Bei Tandem geht es seit jeher um eine gleichberechtigte Verbindung von ’Sprachen verstehen und lernen’ mit dem ’Kulturen verstehen und kennenlernen’. Dementsprechend muss eine kritische Analyse seiner Tragfähigkeit auch dieses zweite 'Standbein’ untersuchen. Dabei stellte sich heraus, dass im Tandem ein Perspektivenwechsel und Vergleich eigener und fremder Innen- und Außenperspektive stattfinden können. Das ist auch bei der Übersetzerausbildung sehr hilfreich.

Muttersprachler berichten außerdem von einer Zunahme des Bewusstseins über ihre eigene Sprache im Lauf des Tandems, daher ist es als eine Art Vor-Praktikum unter vier Augen für die Lehrerausbildung geeignet. Bezüglich der Notwendigkeit und Qualität der Beratung gilt es als unverzichtbar, in einer praktischen Einführung zu Beginn des Tandems, folgende 'Grundwerkzeuge’ mit auf den Weg zu geben:

  • Metakommunikationsformeln zum Nachfragen in der Fremdsprache, für die Lernerrolle, und
  • wichtigste Erklärtechniken in der Erstsprache, für die Lernhelferrolle.

Für Vermittlungen mit großen Teilnehmerzahlen stellte sich die „Cocktailvermittlung“, bei der viele Personen gleichzeitig nach einer Einführung in Tandem Partnerschaften bilden, als genauso effektiv wie die Vermittlung mit Fragebogen und Vorstellung heraus. Diese Form, die viel Aufwand spart und bei Universitäten oft die einzig gangbare ist, schadet der Qualität nicht. Sie kann also als gleichwertige Form der Lernpartnerfindung empfohlen werden, unter der Voraussetzung, dass für übrig Gebliebene vorher die Möglichkeit der Fragebogenvermittlung angekündigt wird. Die Ergebnisse der Personen ohne jede Unterstützung sind im sprachlichen Bereich schwächer, was sich mit der Vermittlungserfahrung deckt. Die Erreichung der kulturellen Ziele scheint stark von anderen Faktoren abhängig zu sein, sie erreicht bei Personen, die gar nicht vermittelt wurden, sogar höhere Werte. Nach dem vermutlichen Verlauf bei Selbstsuche gefragt, meint in allen Gruppen ein Drittel bis die Hälfte, dass das Tandem gleich verlaufen wäre. Manche differenzieren zwischen Suche und Verlauf, d. h., sie sehen die Vermittlung/Kennenlernveranstaltung zwar nicht als Erfolgsgarantie, aber als Erleichterung des Partnerfindens.

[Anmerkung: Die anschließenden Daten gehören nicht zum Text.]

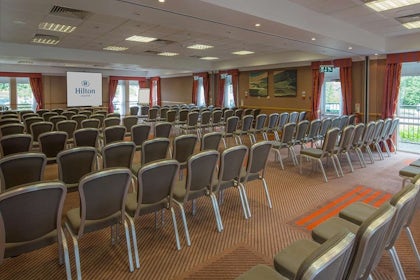 Langton Suite 1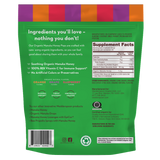 Organic Manuka Honey Pops Variety Pack Healthy Natural Vitamin C Treats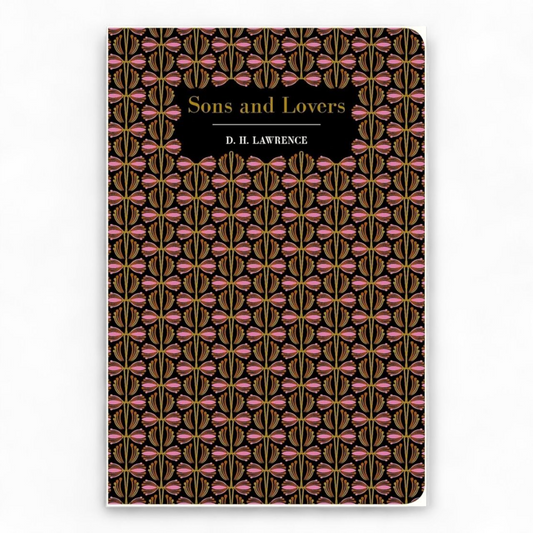 Sons and Lovers by D. H. (David Herbert) Lawrence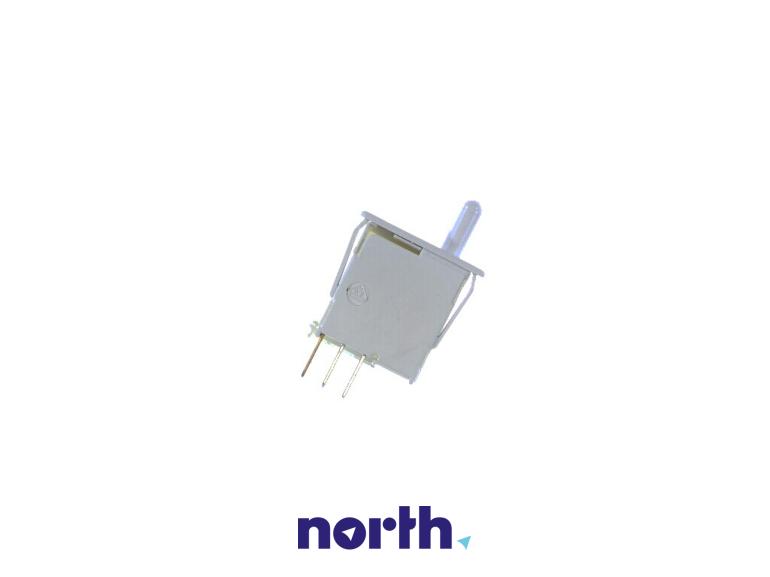 Wyłącznik/włącznik światła do lodówki Bosch KGN36XW24E01,0
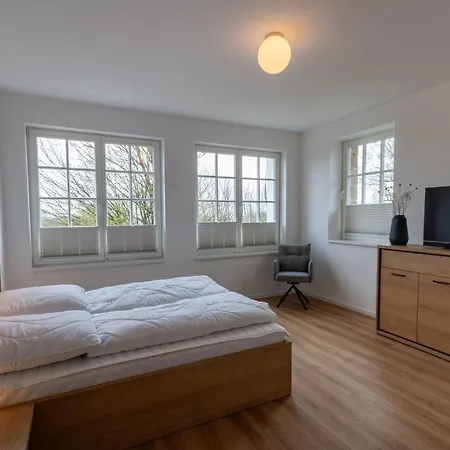 Apartment Hirschmann 3 Mit Sauna Und Balkon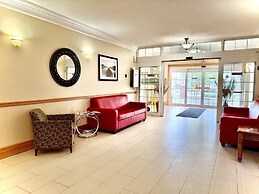 Best Western Kincardine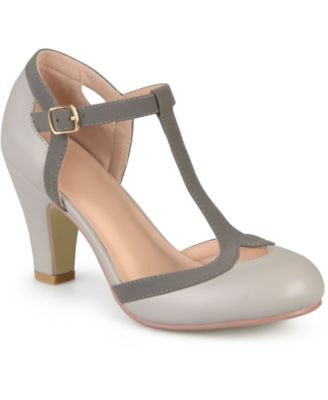 Journee Collection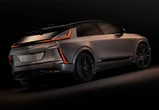 「史上最速のキャデラック」欧州市場に投入へ、615馬力のEV『リリックV』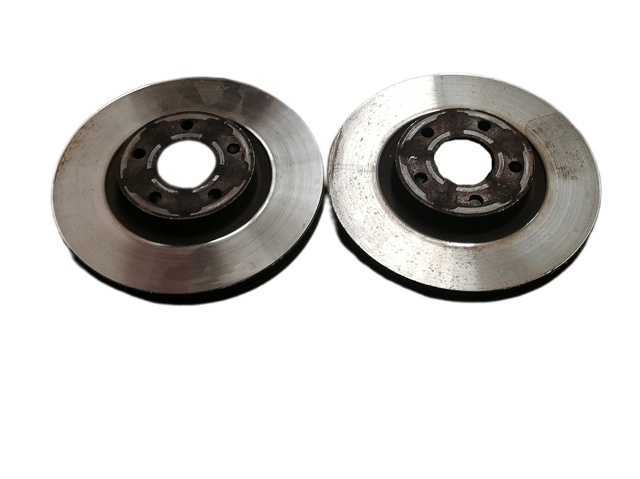 1520297 Disco de freno  en stock Castellón
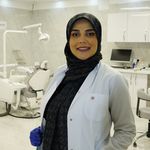 دندانپزشکی دکتر زینب سادات نواب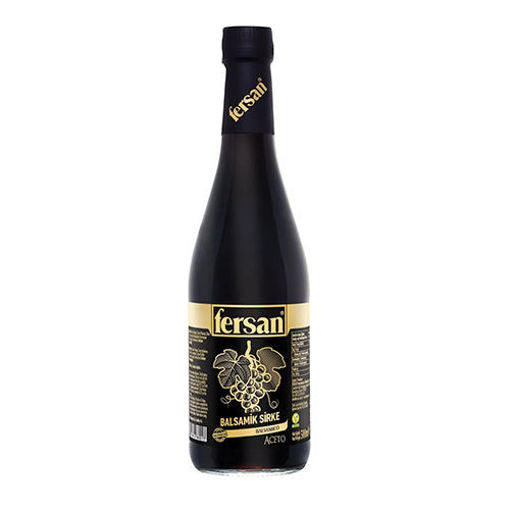 Fersan Balsamic Vinegar (Balzamik Sirke) 500Ml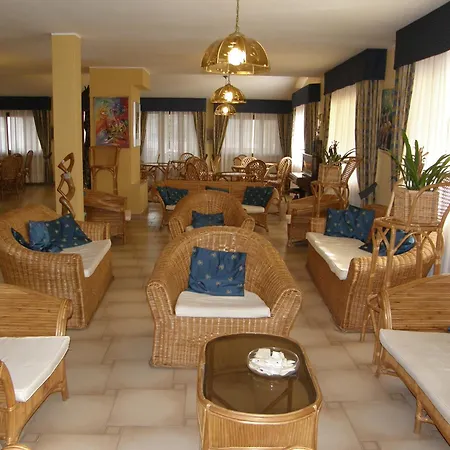 Santa Caterina 마리나디캄포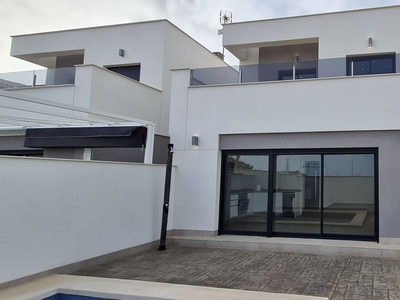 Chalet en venta en Los Dolses, Orihuela, Alicante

In einer weiteren Untersuchung wurden Tandem-Partner in Bozen/Bolzano und Meran, die seit mehr als einem Jahr zusammen lernten und dementsprechend als ‚Experten’ betrachtet werden können, nach ihren Erfahrungen befragt. Auf diese Weise sollten ebenfalls Kriterien für ‚gute Tandems’ extrapoliert werden. Es ergaben sich (Reihenfolge nach Häufigkeit, Mehrfachnennungen möglich): menschliches Verständnis / Sympathie, gemeinsame Interessen, zeitliche Verfügbarkeit, Pünktlichkeit / Zuverlässigkeit, Beständigkeit, gemeinsame Ziele. Die Unterstützung am Anfang wurde von allen als wichtige Starthilfe oder „Anschub“ angesehen.

Das Tandem-Netz kooperierte auch mit dem ’International (E-Mail) Tandem Network’, das als RiBO 1992 von Helmut Brammerts, Ruhr-Universität Bochum gegründet worden war. Daneben begannen immer mehr öffentliche Einrichtungen wie Universitäten, Volkshochschulen, Goethe-Institute und sogar Primarschulen, Erfahrungen mit dem Verfahren zu sammeln. Die Genossenschaft ’alpha beta’ in Bolzano/Bozen und Meran(o) begann 1991, das Tandem-Prinzip auf die gesamte Region Alto Adige/Südtirol anzuwenden.

Später folgten die Gründung der Tandem-Stiftung 'Tandem Fundazioa', die 2009 mit der Qualitätszertifizierung für die Vermittlungen begann und der Sprachschulvereinigung 'Tandem International e.V.', die seit 2015 Inhaberin der Marke 'TANDEM' ist[1].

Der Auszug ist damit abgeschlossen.